As a tier 3 RPHY engineer on the Ops team, I was directly responsible for the RPD (~120,000) units within the NGAN (Next Generation Access Network) vCMTS network. Because of this, I became very adept at spotting physical issues along the transmission path, this included analyzing Docsis carriers on the signal level for any noise issues, missing QAMs, etc. Amongst this I also gained a broad understanding of the features of vCMTS and the different virtualized aspects of that go on under the hood.
Because I love python and automation, I set out on the endeavor of upgrading my team's tooling and created a Pip installable, command line tool. This tool included abstract base models of an RPD object which allowed for the different vendors and model types to be implemented easily.
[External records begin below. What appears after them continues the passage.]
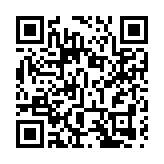 中美前財長對談：我們需要頂住「脫鈎」壓力 加強對話合作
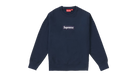 fallback text for an image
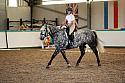 Novice5033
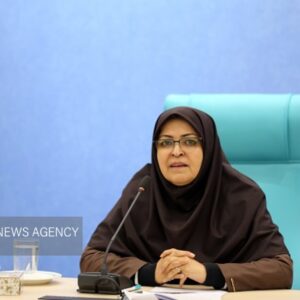 اجرای مرحله‌ای استانداردهای جدید تولید خودرو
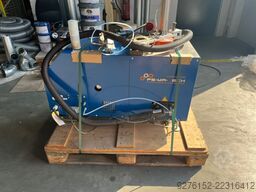 FE-MA-TECH Advanced PUR 2 kg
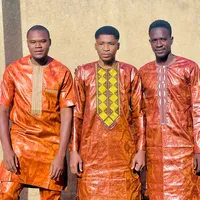 original sound - moussasangare8906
Also developed was a prometheus asynchronous querying tool that could be spooled up or down to reach ~200 requests per second.
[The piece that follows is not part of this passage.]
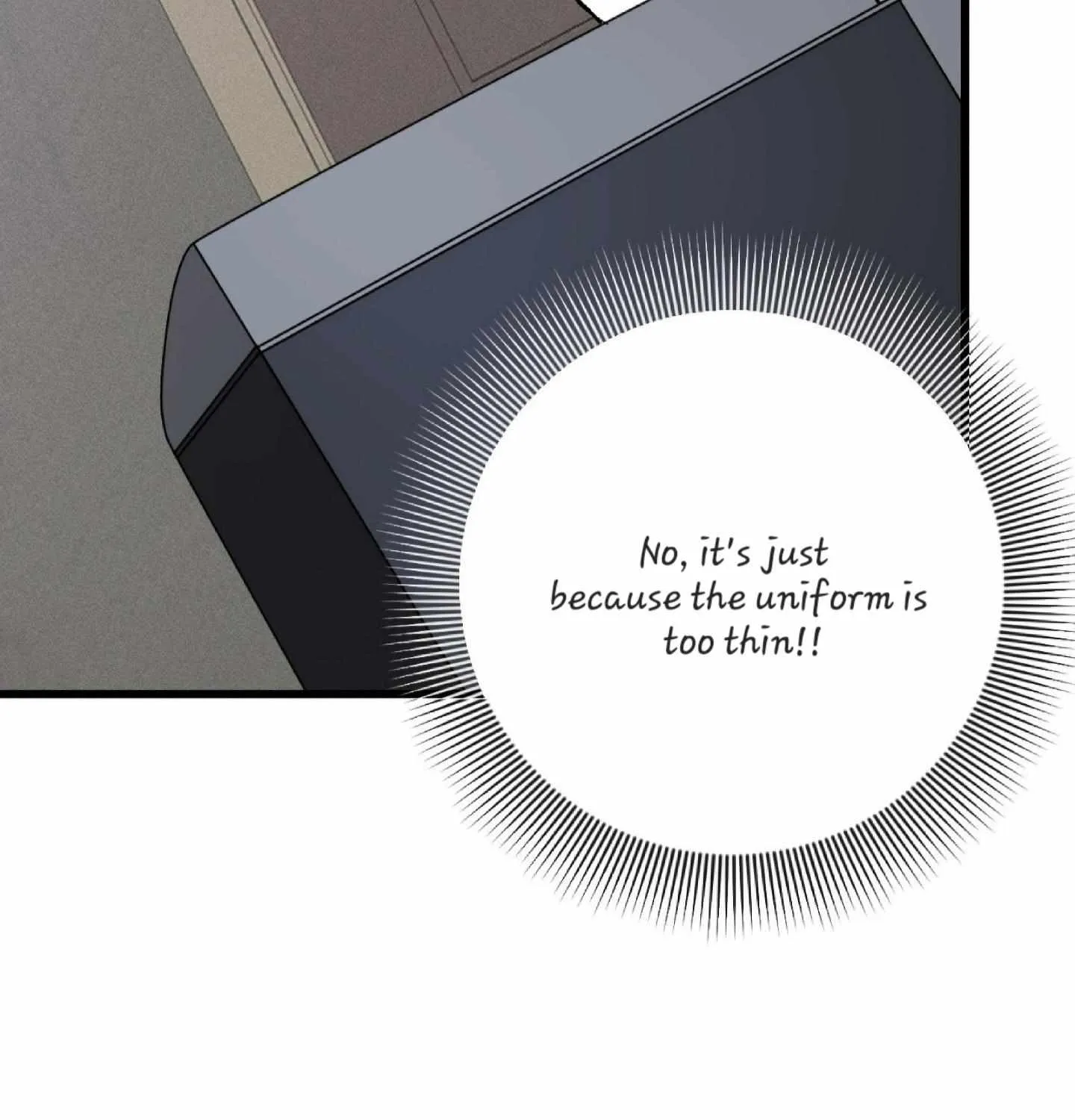 Dirty XX Chapter 2 page 110 -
It's worth noting that many devops concepts were included with this package on the development side, such as: symantic version, CI/CD pipeline utilizing GHA with unit tests & linting, automatic deployment to GitHub Pages, and auto tagging and artifact generation. I also utilized Sphinx to auto generate documentation for all docstrings within the functions / classes / methods that I created.
Comcast automates as much as they possibly can, I was directly involved in this process. I would create alerts utilizing their telemetry stack and remediations that would hopefully 'self-heal' any easily caught situations. Amongst that I also was responsible for monitoring and reporting on their deployment Ansible pipelines.
My team was directly responsible for the development of the firmware on Spectrum's CPE routers. This created a strong familiarity with many routing concepts as well as Linux concepts. This also allowed me to develop a feel on what a tech stack looks like.
In order to deploy our above developed firmware we needed an automated testing environment that would enable the developers to quickly test their code on a real physical device. That's where the integration lab came in. We deployed ansible configured Gitlab runners on RPI devices networked together that would run a python test suite on an actual Spectrum router. This allowed the developers to be able to run nightly cron testing on their code as well as giving them the ability to instantly test their code.
The above created test setups would eventually go down so we needed a way to monitor them. Utilizing PostgresQL and Flask we created an in-house monitoring system and health check system that would alert us when a setup was deemed "unhealthy". This same tool was also pip installable so that on demand health checks could be run at command line. This created more productive engineers within the lab as they no longer had to wait for tests to fail in order to see when a setup was deemed unhealthy.